I fear my countenance is slipping into the abyss. Trepidation gripping its arctic fingers around my heart and compressing the last inkling of vigor out of me. This dreadful suspicion that I have become a ghost wandering the halls of my own life is entirely debilitating. No longer able to recognize whether I am dead or alive.

Gripped by the paralyzing fear that I am somehow running out of time. Unable to stop the incessant ticking of the proverbial clock. Tortured endlessly by my own self-doubt and self-loathing. 

I am drowning, gasping for air. Reaching out for help. But there is no-one reaching back to seize me and raise me from perdition. All I see is some twisted-faced, grotesque version of myself. A wicked doppelgänger. Gazing down at me. A malicious grin mocking me from above. Watching me slip further beneath the surface.

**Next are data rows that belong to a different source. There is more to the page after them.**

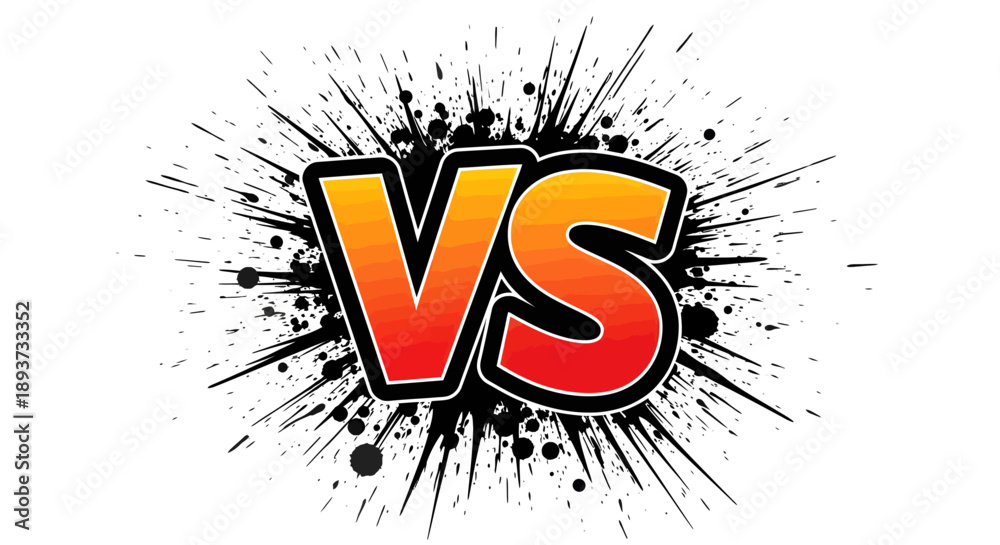 Obraz premium Dynamic comic-style VS typography with ink splash explosion effect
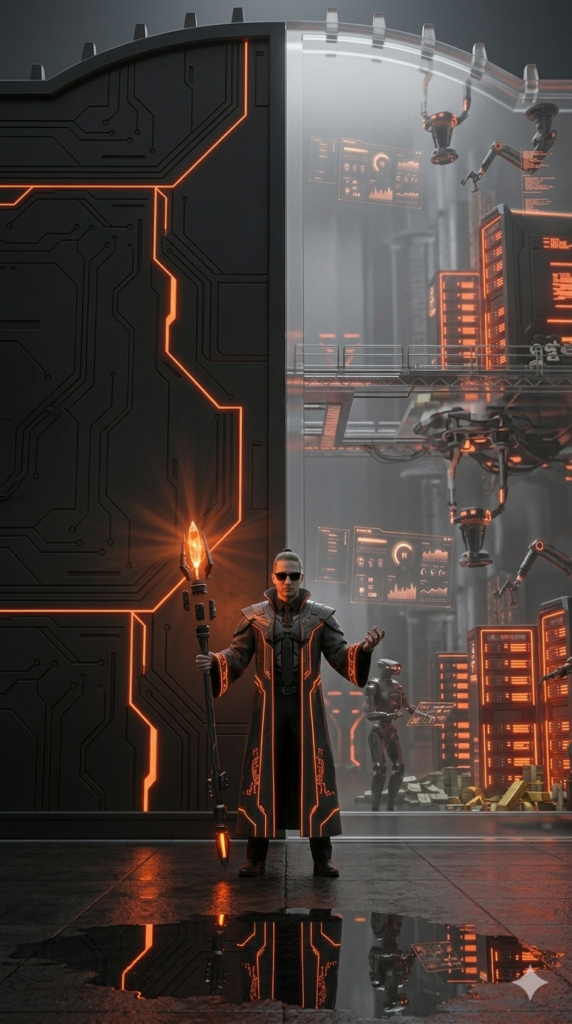 The Gatekeeper image of Rens Wunnink gatekeeping mysterious value like a digital wizard portrait mode. 
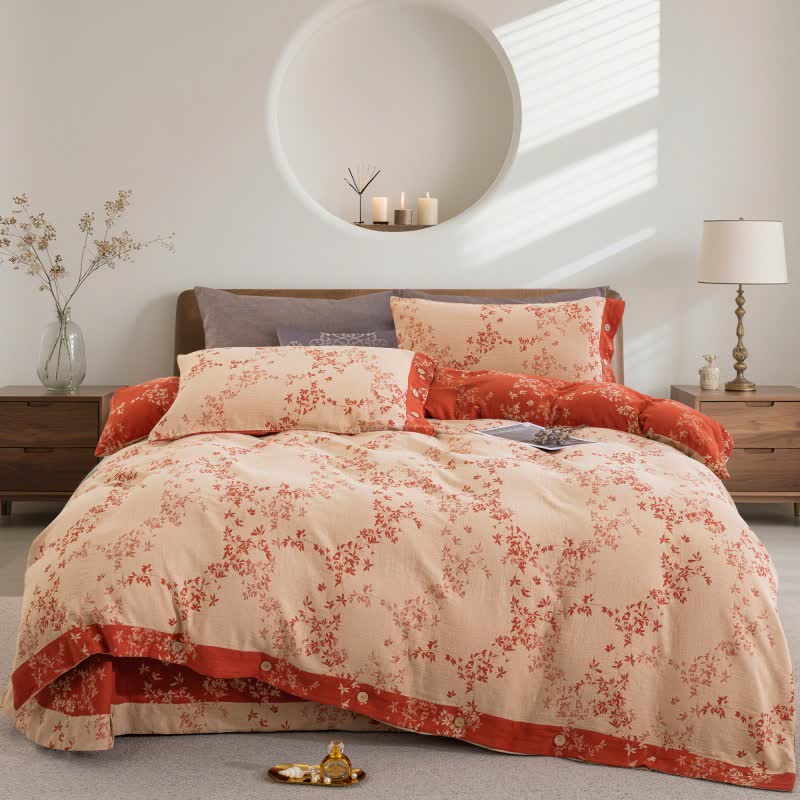 Set di biancheria da letto in garza di cotone Country Leaf (4 pezzi) - image 1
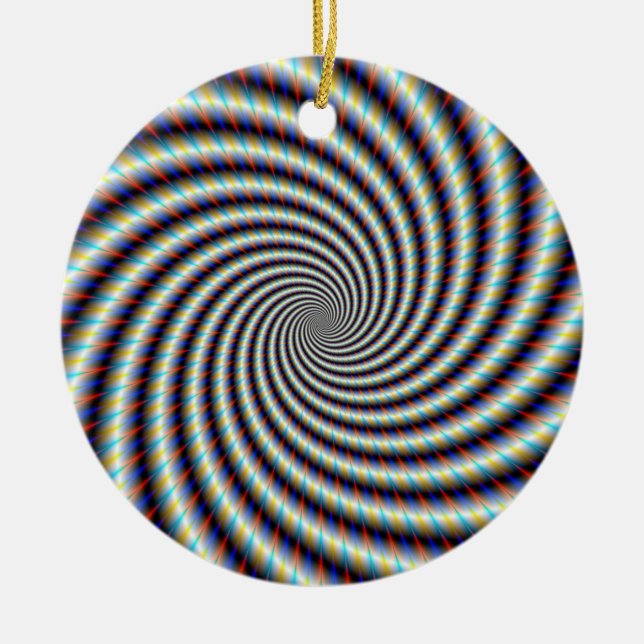 Psychedelic Swirl Ceramic Ornament (Front)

Is all of this, this existence, this reality, this mise-en-scène, little more than an exercise in futility?

- M xx

The Haunting


"Don't leave me, even for an hour, because then the little drops of anguish will all run together, the smoke that roams looking for a home will drift into me, choking my lost heart."
- Pablo Neruda, Don't Go Far Off

Fear, in my experience, is as powerful a motivator as love. The pair are but two sides of a single coin. Intertwined and interchangeable. There cannot be one without the other. That thing, that despairingly soul-crushing angst that what you have is nothing more than a fugacious moment in time, dissipating into the ether. That loss is inescapable and ineluctable. It is a suffocating realization. A haunting inevitability that chokes you, weighs you down, torments you through every moment of happiness, every ephemeral juncture of elation or euphoria.

The unavoidable terror of the thought of losing the person, or people, that mean the most, are closest to you can smother you, snatch your breath away. Razor-edged, piercing agony rips through your entire body, and you are paralyzed. Adrift in a sea of despair, self-loathing and deep-running, soul-destroying terror. Paranoia that plagues your every waking moment. An unwelcome nightmarish visitor in the fits of restless sleep. Taunting your subconscious, always there, just under the surface, jeering, teasing, mocking you endlessly, relentlessly.

Until you are nothing more than a shell of the person you once were, left contemplating who this person is that you have become. Utterly impotent in the face of heart-wrenching despair. An unconditionally terrifying and overwhelming experience.